I signed up for a mediumship course. If you have no sense of humour about this, don’t read any further, just saddle up your high horse and trot right off.
Me: “So, I’m doing a course on
Saturday morning, could you handle the
kids for me?”
Husband: “Mmm? Okay.”
I thought I’d carried it off quite well.
Me: “I’m leaving now, you’ll remember to do the kids?”
Husband: “Okay. What kind of course is it
anyway?”
Shit. I had hoped this question wouldn’t
arise.
Me: ”I’m not telling you, because you’ll
just make fun of me.”
Husband: “It’s one of those crystal things,
isn’t it?”
Me walking away.
Ever think that maybe you’re just too
pragmatic?
Or just have a really dark sense of humour?
Or just have a daily struggle to take life
too seriously, or seriously at all?
These are the questions that plagued me at
my first session. As I sat in a circle of sock-clad esoterics, I pondered how I
came be here and deeply wished my mother was with me, so we could have one of
those eye-meets where you know the other person totally gets where you’re
coming from.
(As an aside, she is the only person I’d go
on a silent retreat with, because we don’t need to speak to know exactly what the
other person is thinking.)
The time came to do the dreaded “Hi, my
name is XXX, and I’m here to XXX.”
There were two starting options. Me and the
girl on the other side of the table.
I took the split-second advantage and
pointed, “She will.”
‘She’ looked at me in horror.
I shrugged, “It’s either you or me and it’s
not going to be me.”
As the introductions went around, my
trepidation grew. Each added a new spiritual tag on the one before.
I am an empath.
I am empath and an intuitive.
I am an intuitive empath and spiritual
healer.
I am an intuitive empath, spiritual healer
and reiki master.
I am an intuitive empath, spiritual healer,
reiki master and tarot reader.
Bugger. I had nothing. Absolutely nothing.
I should’ve gone first.
I also have the opinion that, if you’re learning something new, don’t go in there saying you already have a PhD in the subject. You’re setting yourself up for failure.
“Hi, I’m me, and I thought it would be fun
to do something different.”
Sound of lead balloon crashing to Earth.
The silence of judgement lay heavy until
the door opened and a new person bustled in cheerfully. She tripped over a chair
and a handbag and her phone rang, repeatedly. I’ve never been so grateful to
meet anyone in my life. She is my spirit twin.
Swiftly moving along, we had to do our
first exercise.
You rub your hands together fast and when
they’re hot you pull them apart and feel the energy between them. Then, you
imagine the energy is a ball of coloured light.
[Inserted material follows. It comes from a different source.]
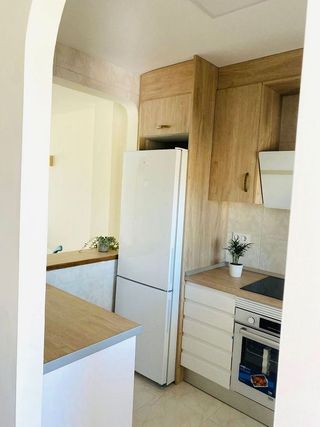 Piso en alquiler en El Faro de Calaburra - Chaparral en Mijas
Then you toss the ball at
someone else and they have to intuit it’s colour.
Panic attack number 2.
I suck at throwing and catching.
I pictured spiritual balls of light
smashing between my feet as my butterfingers failed to grab onto them.
And, then there’s the colour recognition.
I was going to suck at this, big time.
The tension ramped up as balls were thrown
around the circle and the first three colours were named correctly. Then, a
sliver of hope, the next person had three tries to get the colour. I was going
to be okay. It took me four and a few hints, but I got there. Then I lobbed
mine across the room to the next person.
“Is it yellow?” she asked.
“Um, it wasn’t meant to be,” I said
helpfully, “But maybe it changed colour on the way to you.”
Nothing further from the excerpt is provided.